→ Exercise directions
The reply should hold every line of the listing exactly, and none of its images.

→ Source data
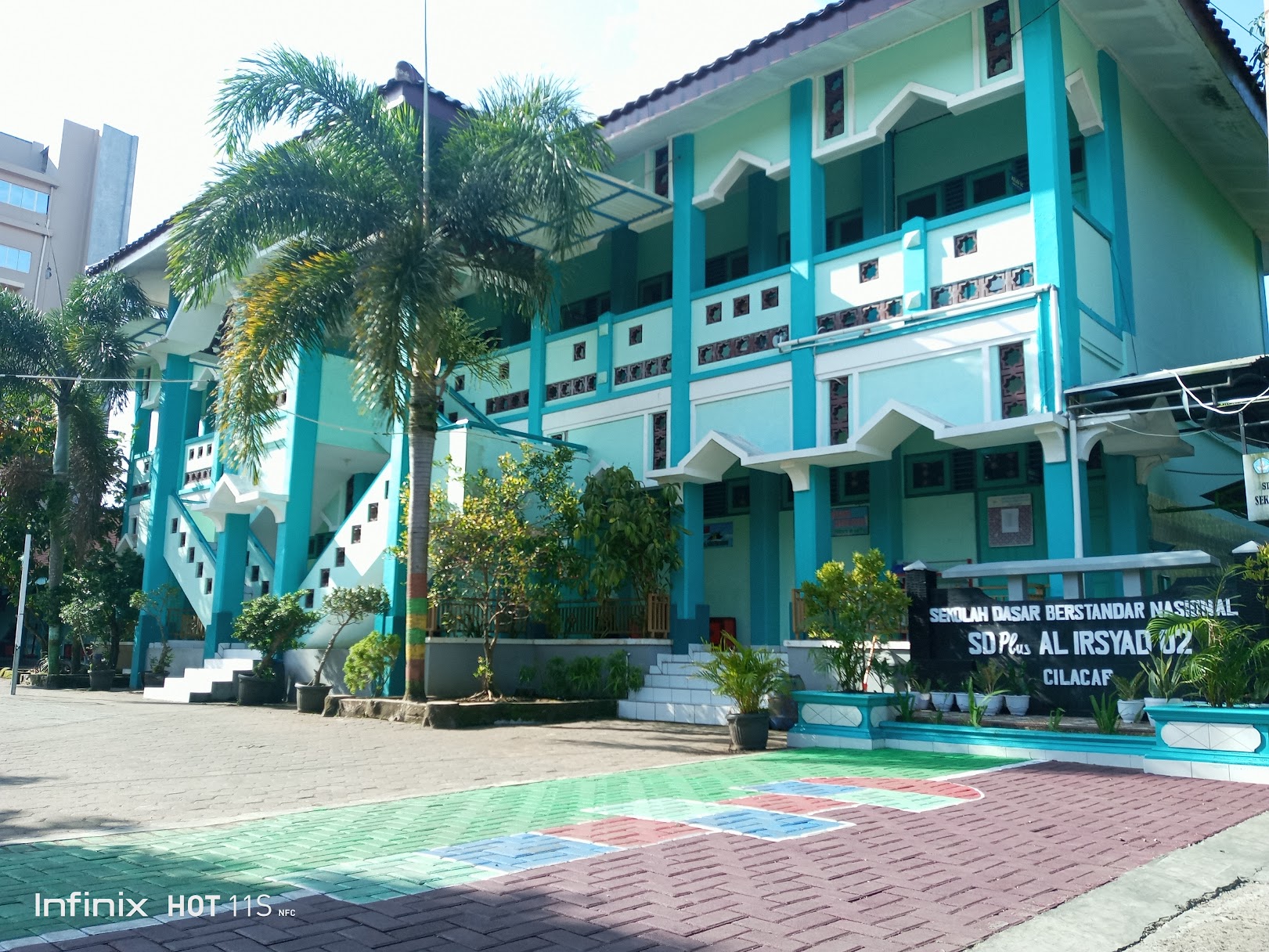 Gedung Serba Guna yang memadai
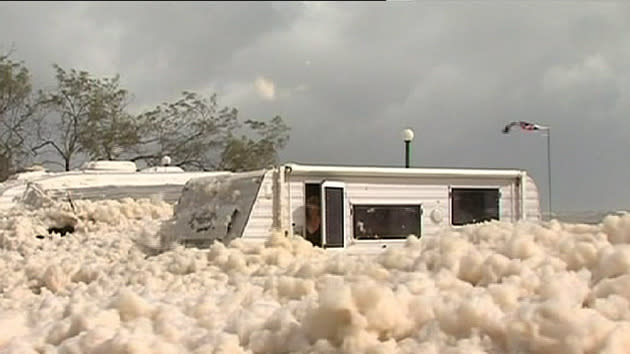 Locals stunned by ocean foam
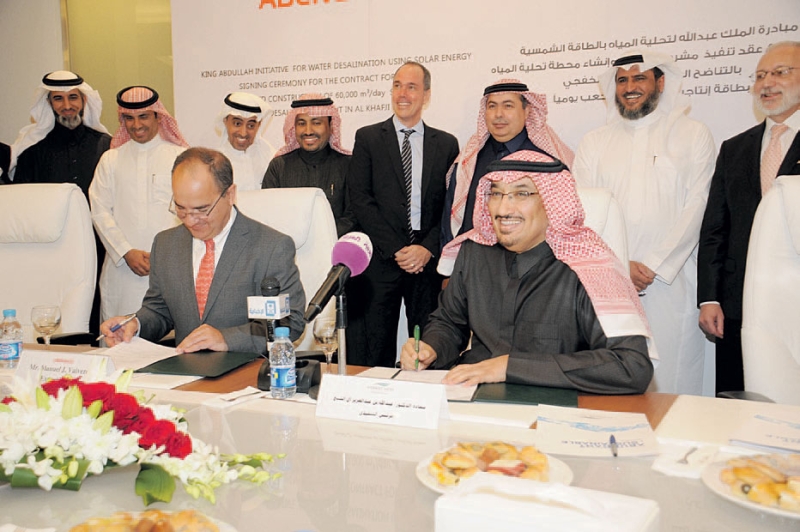 د.عبدالله ال الشيخ ومانويل جي اثناء توقيع الاتفاقية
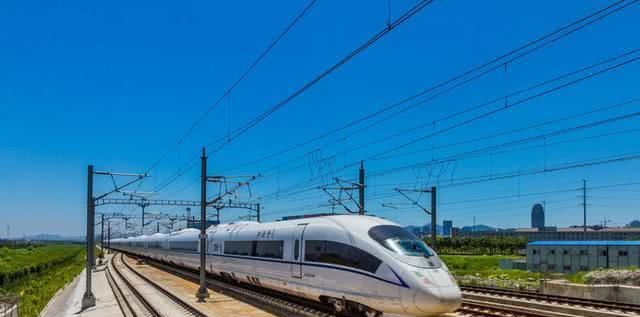 为啥高铁上要显示“车速”？答案说出，乘客：车票钱没白花！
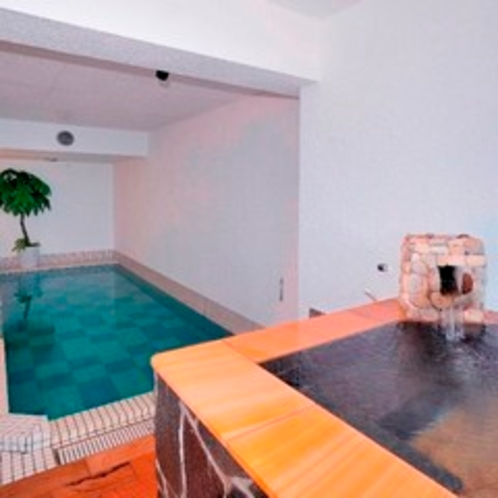 １階温泉水プール＆露天風呂付き客室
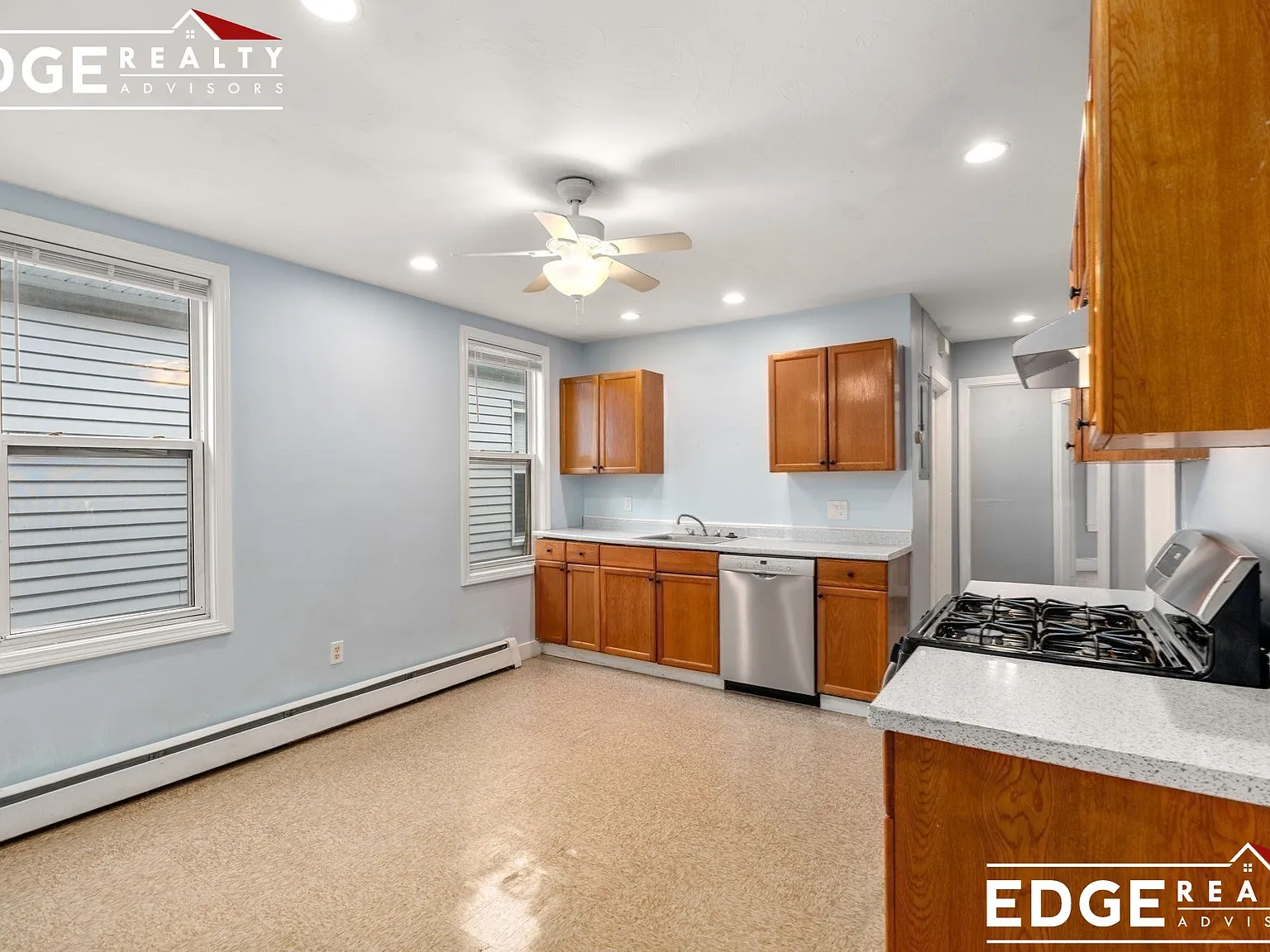 4 bed, 2.0 bath, 1600 sqft, $3,800 — Photo 4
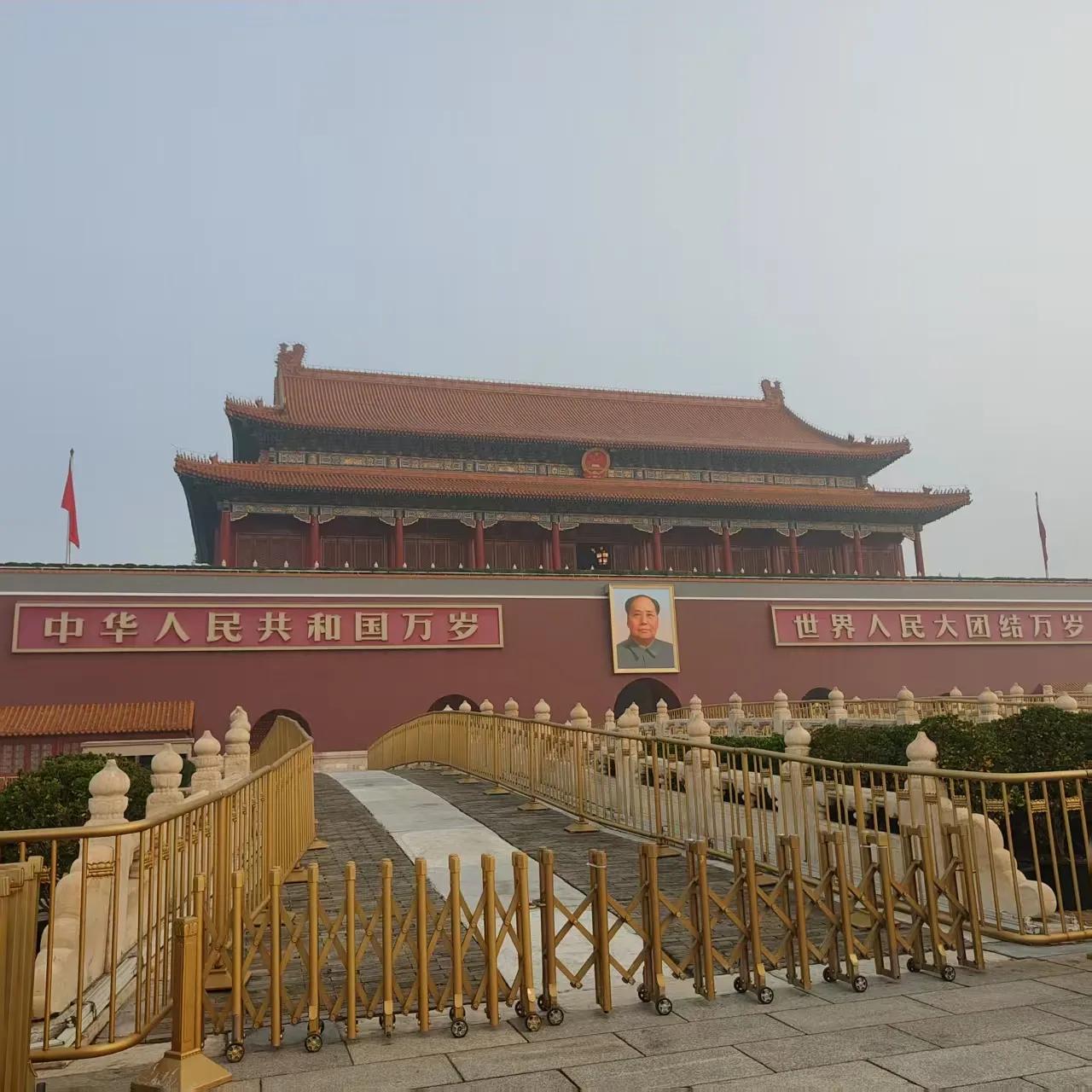 我爱北京天安门
我爱北京天安门，天安门上太阳升，伟大领袖毛主席，指引我们向前进…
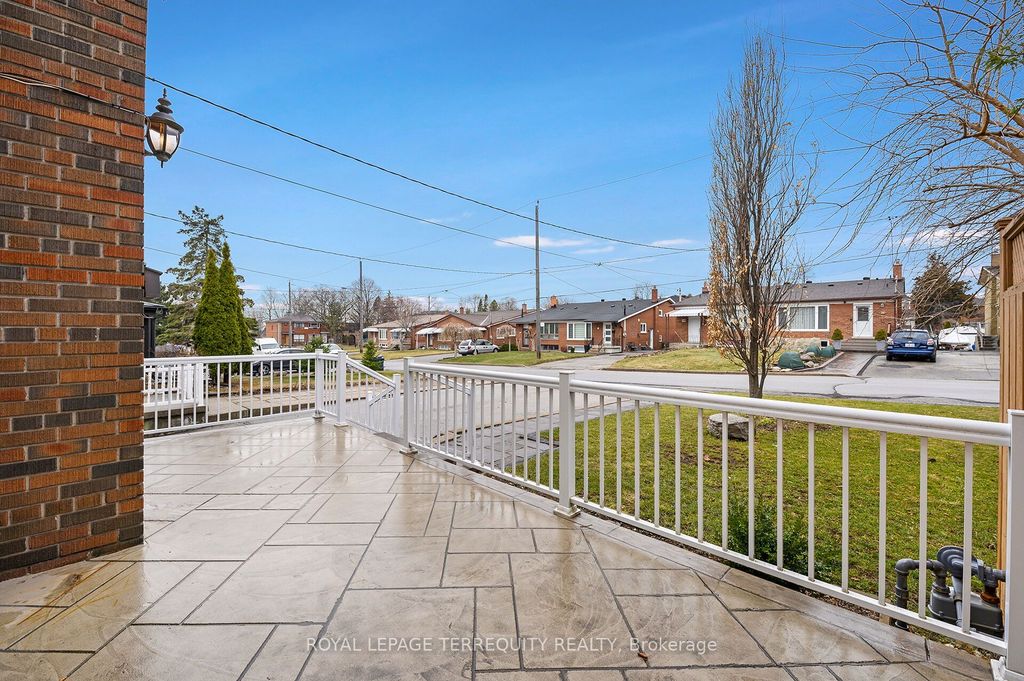 Photo of 27 Gotham Court, Toronto, ON M6M 2N9 (MLS # W12935392)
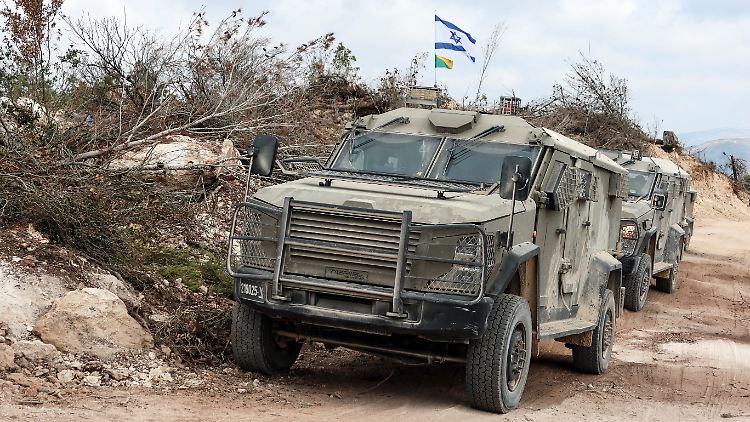 Israelische Militärfahrzeuge sind am 13. Oktober im Süden des Libanon zu sehen.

→ Task output
 Gedung Serba Guna yang memadai
 Locals stunned by ocean foam
 د.عبدالله ال الشيخ ومانويل جي اثناء توقيع الاتفاقية
 为啥高铁上要显示“车速”？答案说出，乘客：车票钱没白花！
 １階温泉水プール＆露天風呂付き客室
 4 bed, 2.0 bath, 1600 sqft, $3,800 — Photo 4
 我爱北京天安门
我爱北京天安门，天安门上太阳升，伟大领袖毛主席，指引我们向前进…
 Photo of 27 Gotham Court, Toronto, ON M6M 2N9 (MLS # W12935392)
 Israelische Militärfahrzeuge sind am 13. Oktober im Süden des Libanon zu sehen.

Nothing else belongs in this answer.